Rain, rain, rain. We are now turning our attention to it, praying for it, hoping for it, anticipating it, longing for it, and eagerly awaiting it. All over the world, and especially here in Eretz Yisroel, the need for rain is basic and essential. It is true that we do not feel it in a modernized society as much as we did in the past, since we do not see dwindling water supplies in our backyard as people still did just a few decades ago here, and still do in many parts of the world; but of course the indispensibility of rain is ever-present — for life, for agriculture, and, in fact, for any one of so many basic needs. Eretz Yisroel is blessed with an abundance of streams and brooks, creeks and rivulets. “For Hashem your Lord is bringing you to a good Land — a Land with flowing streams, and underground springs and subterranean waters, gushing out in valleys and mountains. (Devarim 8:7)
Of course, this then leads us to being confronted with the reality that, “But the land which you are crossing to occupy is a Land of mountains and valleys, which can be irrigated only by rain; it is therefore a Land constantly under Hashem, your Lord’s, scrutiny; the eyes of Hashem, your L-rd are upon it at all times, from the beginning of the year until the end of the year.” (Devarim 11:11) Unfortunately, the “blessing” of modern plumbing and water-storage-and -dispensation, which in Eretz Yisroel today is under the auspices of Mekoros — the national water company, who has gone and dried up many of the above-mentioned streams and water sources in the interests of creating a water-infrastructure which carries water to your kitchen sink and bathroom, as well as to just about everyone else’s — has created a distance between our Creator and ourselves, as most of us now do not directly experience Hashem’s giving us water. But let a winter or two or three go by with insufficient rainfall, and we are hit with the reality of our dependence, adding a special prayer in Shemoneh Esrei, perhaps fasting.. as the government scurries about, warning ominously of red lines, and of course raising the price we pay for water, and hatching brilliant schemes such as importing icebergs (no, not lettuce — real, live, icebergs) from our good friend, Turkey (I kid you not — people either don’t know, or have short -term memory issues.)

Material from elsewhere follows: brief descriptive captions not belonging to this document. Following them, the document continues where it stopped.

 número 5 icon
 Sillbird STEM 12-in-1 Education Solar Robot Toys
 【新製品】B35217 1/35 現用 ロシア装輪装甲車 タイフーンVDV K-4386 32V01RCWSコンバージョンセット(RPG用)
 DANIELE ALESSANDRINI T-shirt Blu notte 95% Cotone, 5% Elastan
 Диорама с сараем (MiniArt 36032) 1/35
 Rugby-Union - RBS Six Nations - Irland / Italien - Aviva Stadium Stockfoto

It is a fact that many of the rituals of Sukkos which we just celebrated have to do with beseeching Hashem to make the coming rainy season an abundant one. Chazal teach in Maseches Ta’anis, as well as in Maseches Sukah, that the four minim that we take and wave have an unusual dependence upon rain, reflecting ours, and thus constituting an implicit prayer for precipitation. The aravah we take on Hoshana Rabbah and the many many hoshanos which we say then are all about rain and imploring Hashem to send it. Of course we all remember how in the middle of the joy and gaiety of Simchas Torah we stopped, and solemnly, in a Yomim Nora’im niggun, no less, pleaded for rain in Tefillas Geshem.
And how many people are aware that the festivities and liveliness which we all enjoyed at the many Simchas Beis Hasho’evahs which we attended are commemorative, according to most Rishonim, of the nisuch hamayim ceremony on Sukkos in the Bais Hamikdash (this consisted of pouring not only wine, but also water, into the cavities in the mizbe’ach made for this purpose, while bringing the daily Tamid morning korban), itself an avodah meant to be an insinuated prayer for rain (see Rosh Hashana 16A )?

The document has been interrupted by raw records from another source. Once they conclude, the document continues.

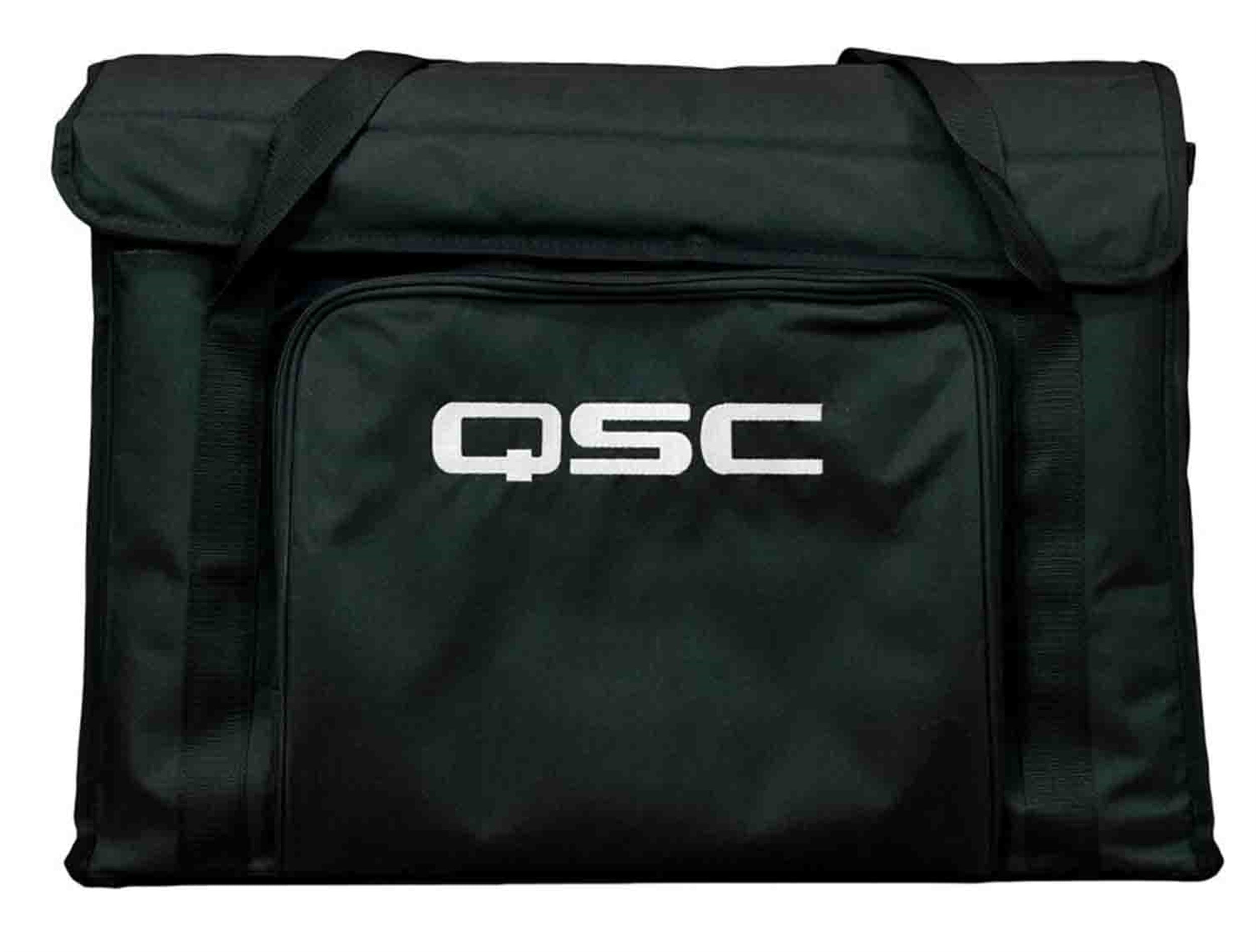 QSC LA112, 12" Powered Line Array Loudspeaker Package with Transport Tote QSC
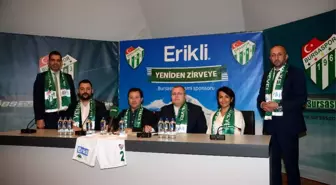 Bursaspor Erikli ile Yeniden Zirveye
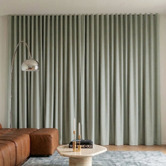 Pure Loom Drapery Custom Twilight Blockout S-Fold Single Panel Curtain &amp; Track Set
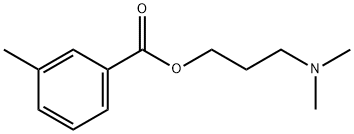 3-(dimethylamino)propyl 3-methylbenzoate Struktur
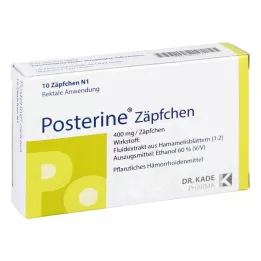 POSTERINE Czopki, 10 szt
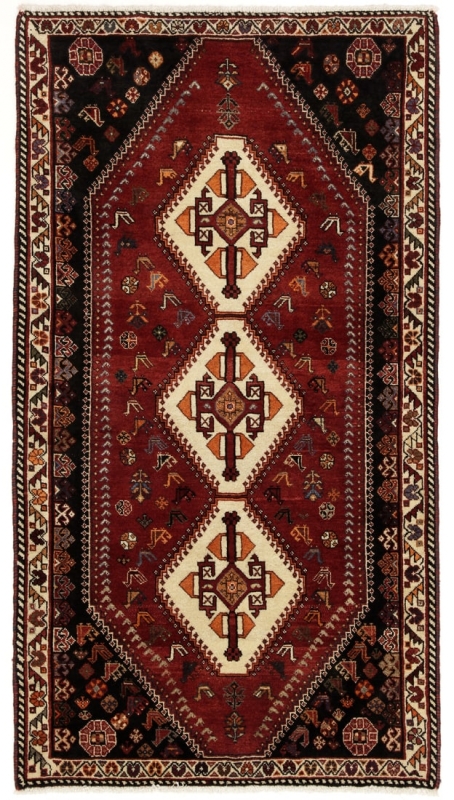 Perserteppich Shiraz rot (98x180cm)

Let us now take a deeper look at this “pouring-of-the-water” ceremony. Rashi (Vayikra 2:13) tells us of a Midrash which describes the dismay of the”lower waters” when the separation between the upper waters and the lower waters happened on the second day of Creation. (If that sounds vaguely familiar, we leined it in last week’s portion, B’reishis.) “Why have we now become distant from Hashem (the upper waters remained part of the heavenly spheres, while the lower waters became part of this world’s earthiness)?” Hashem then promised them that they would “return” to Him. When? How? When nisuch hamayim is performed, when the lower waters are poured ( i.e, offered ) on Hashem’s Holy Altar in the Bais Hamikdash.

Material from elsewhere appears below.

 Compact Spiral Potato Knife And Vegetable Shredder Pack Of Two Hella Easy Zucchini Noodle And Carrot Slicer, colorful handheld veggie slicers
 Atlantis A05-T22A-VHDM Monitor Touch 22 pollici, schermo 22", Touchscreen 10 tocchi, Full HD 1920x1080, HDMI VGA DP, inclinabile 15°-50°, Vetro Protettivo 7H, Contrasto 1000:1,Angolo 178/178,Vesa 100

This can be understood in the following manner: Our understanding of rain is that there is something called a “water cycle,” where the water in the world is basically finite, and keeps going around and around. Let’s start with evaporation (the sun heats up water in rivers or lakes or the ocean and turns it into vapor or steam. The water vapor or steam leaves the river, lake or ocean and goes into the air.) Then there is condensation (water vapor in the air gets cold and changes back into liquid, forming clouds) Next comes precipitation (so much water has condensed that the air cannot hold it anymore; he clouds get heavy and water falls back to the earth in the form of rain, hail, sleet or snow). And finally, there is collection (when water falls back to earth as precipitation, it may fall back in the oceans, lakes or rivers or it may end up on land; when it ends up on land, it will either soak into the earth and become part of the “ground water” that plants and animals use to drink, or it may run over the soil and collect in the oceans, lakes or rivers, where the cycle starts all over again).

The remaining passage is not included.